Statistics keep tumbling like broken match-sticks. According to NOAA’s January global climate report: “January 2020 marked the 44th consecutive January and the 421st consecutive month with temperatures, at least nominally, above the 20th-century average.” The four warmest Januaries documented in the climate record have occurred since 2016; the 10 warmest have all occurred since 2002.
As our earth warms record-warm temperatures were seen across parts of Scandinavia, Asia, the Indian Ocean, the central and western Pacific Ocean, the Atlantic Ocean, and Central and South America.
And in Antarctica, one of the fastest warming regions on the planet, the records continue to fall faster than anywhere else.
Last week, Bloomberg reported that the temperature at one research base on the continent had reached a record-breaking balmy 18.3 degrees Celsius (65 Fahrenheit).
At the time, Frida Bengtsson, who is leading an expedition to the Antarctic for Greenpeace, called the reports “shocking, but not surprising,” adding in the last month that we’ve seen penguin colonies sharply declining under the impacts of climate change in this supposedly pristine environment.”
But that record only lasted a week.
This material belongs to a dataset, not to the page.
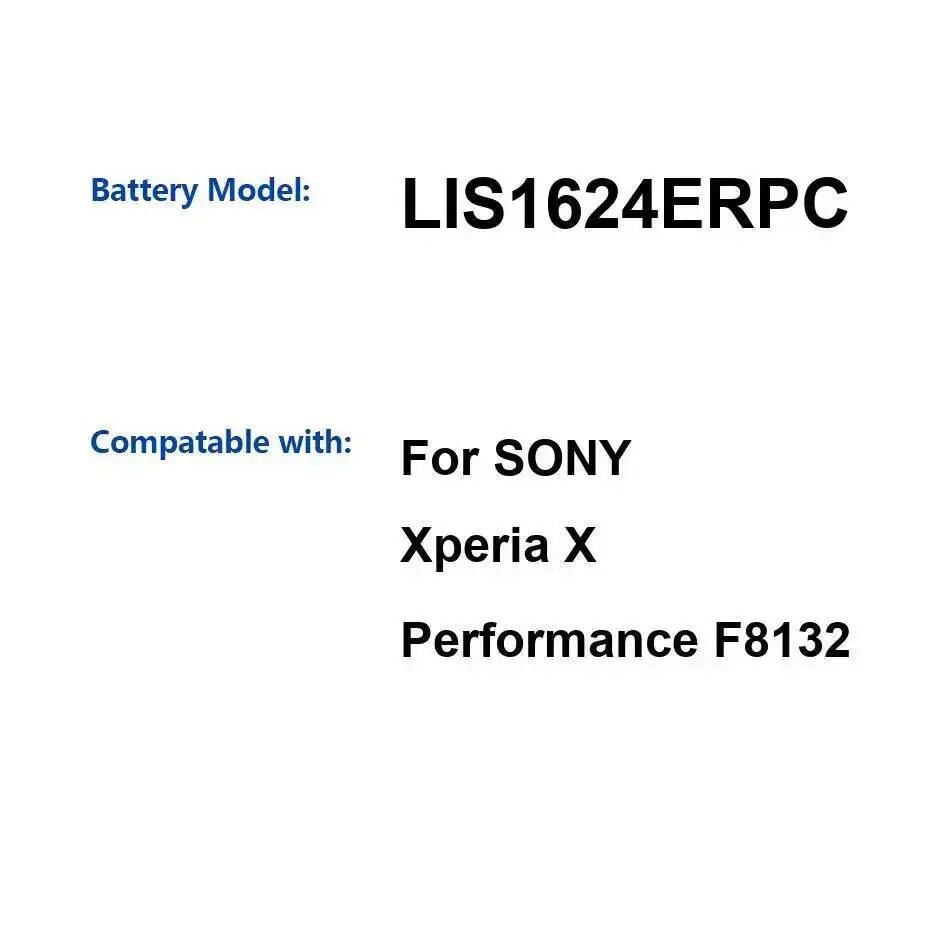 

Высокая производительность 2700 мАч для аккумулятора мобильного телефона Sony Xperia X F8132 LIS1624ERPC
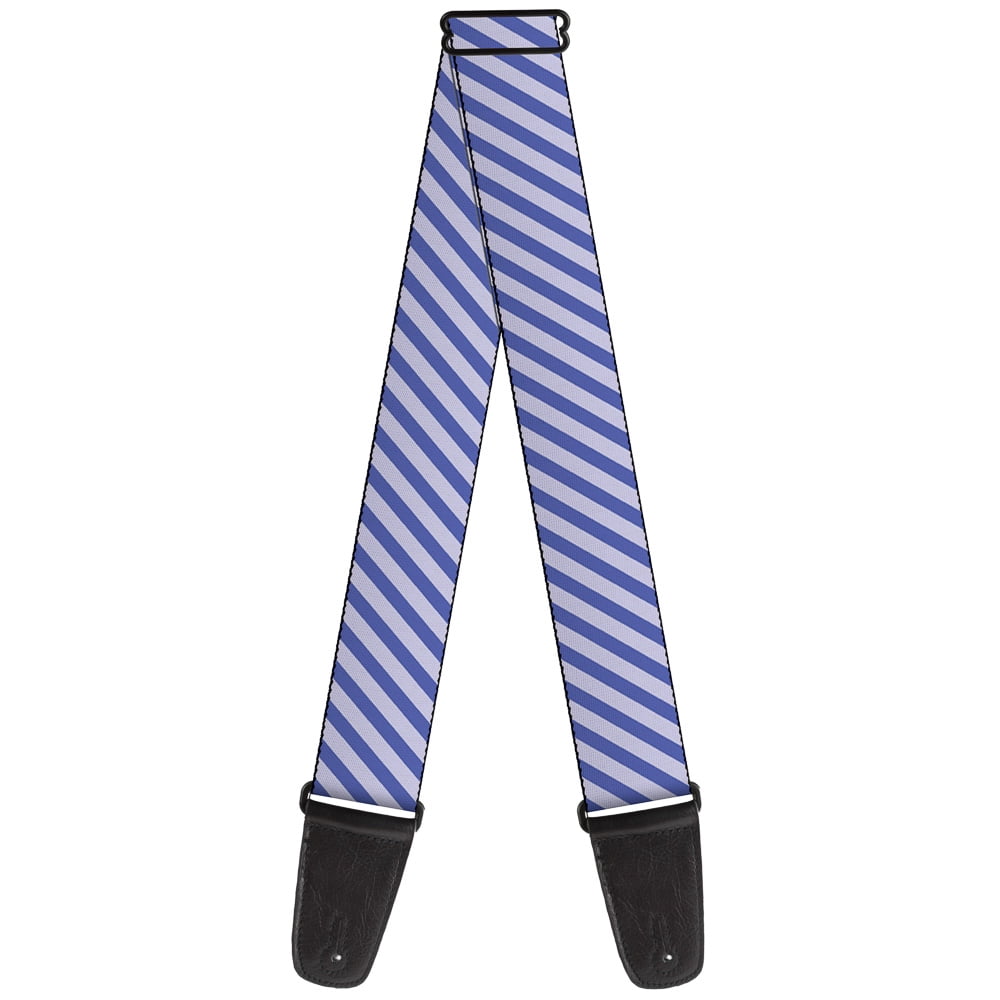 Buckle-Down Guitar Strap, Diagonal Stripes Pastel Blues, 2 Inches Wide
Earlier today, it was reported by AFP that Brazilian scientists had “recorded a new record temperature of 20.75 degrees Celsius (69.35 Fahrenheit).”
This is the first time ever that the 20 degrees barrier had been broken on the continent. “We’d never seen a temperature this high in Antarctica,” Brazilian scientist Carlos Schaefer told AFP.
According to the UN’s World Meteorological Organization (WMO), the temperatures in Antarctica have risen over 3°C over the past 50 years. Nearly 90 percent of the glaciers along its west coast have “retreated” in that time.
Indeed, just days ago the Washington Post reported that “an iceberg about twice the size of the District of Columbia” had broken off Pine Island Glacier in West Antarctica in recent days.
It is not the only glacier in trouble in the region. Earlier this week, Professor Michael Mann, one of the world leading climate scientists said in an interview: “This week we learned that the critical Thwaites Glacier that holds in most of the West Antarctic ice sheet is close to irreversible melting. If it goes we get an additional 10 meters of sea level rise.”
And that is the climate doomsday scenario.